The epidemic of opioid abuse, dependence, and overdose is a public health crisis. It is affecting people across the country from all areas and of all socioeconomic statuses. Adults are using opioids and the consequences are dire, but teens are also vulnerable.
They are using prescription opioid painkillers and heroin, and they are mixing substances, raising the risks of serious consequences, including overdoses. Abusing any kind of drug is risky for teens, but opioids are especially dangerous.
THE OPIOID CRISIS
Drug overdoses are now killing more Americans than guns and car accidents. This scary statistic can largely be blamed on opioid drugs. These are drugs that are based on the compound found naturally in the opium poppy. Prescription opioids, like oxycodone, morphine, and hydrocodone, are mostly used to treat pain but have been increasingly abused for the euphoric high they cause. Heroin is an illegal opioid that is more potent and potentially more deadly. Increasingly, fentanyl, the most potent of all the opioids, is being abused, often unknowingly by those using heroin laced with it or using fake prescriptions that contain it.
According to statistics, 276,000 teens in the U.S. abused opioid painkillers in 2015, and nearly half of those had become addicted. That same year, more than 20,000 teens used heroin, while 6,000 were addicted to the illegal drug. Between 1994 and 2007 the number of prescriptions written for teens for opioids doubled. In the same year, more than 33,000 people died from overdoses related to opioids, the highest number yet recorded. The overdose fatality rate for teens more than doubled between 1999 and 2015, and opioids are largely to blame.

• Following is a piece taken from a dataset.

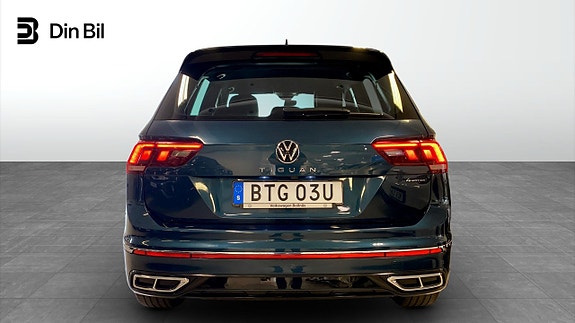 Volkswagen Tiguan 5 of 13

THE DANGERS OF OPIOID ABUSE
The most obvious and serious danger of misusing opioids is the risk of a fatal overdose. Opioid drugs are depressants and they slow breathing rate. A too-large dose of any opioid can cause a teen to simply stop breathing. The risk of overdose increases when drugs are mixed. Statistics indicate that 70 percent of teens who misuse opioids mix them with other substances, including those that increase the depressant effect of these drugs.
It doesn’t take long to get hooked on drugs
Opioid abuse can also quickly lead to addiction. Statistics have shown a trend in recent years that people dependent on prescription opioids, including teens, have begun to turn to heroin, possibly because it is cheaper, easier to access as prescriptions have become more tightly controlled and because it is more potent. A growing danger of using heroin is the possibility that it will be laced with fentanyl, a prescription opioid that is even more potent than heroin. This phenomenon is being blamed for the still-rising number of deaths from heroin overdoses.
Consequences of Addiction
Abuse of and addiction to opioids can have serious consequences in addition to the overdose risk. These drugs cause sleepiness and impairment, nausea, confusion, poor judgment, and other problems. Becoming addicted to opioids, a teen may lose the ability to function well in school, can become withdrawn, and may suffer from chronic physical and mental health issues.
What’s to Blame?
The high rates of opioid use, dependence, and overdose in teens is largely blamed on prescription medications, even though heroin use is on the rise. Most teens that develop an opioid problem began by taking prescribed medications. This is a kind of use that can be controlled and managed, preventing later dependence and risky behaviors, such as combining drugs and using heroin. Parents need to be vigilant about any drugs prescribed to their teens, or that are in the household at all. Preventing initial use can potentially prevent all the harm these drugs cause later.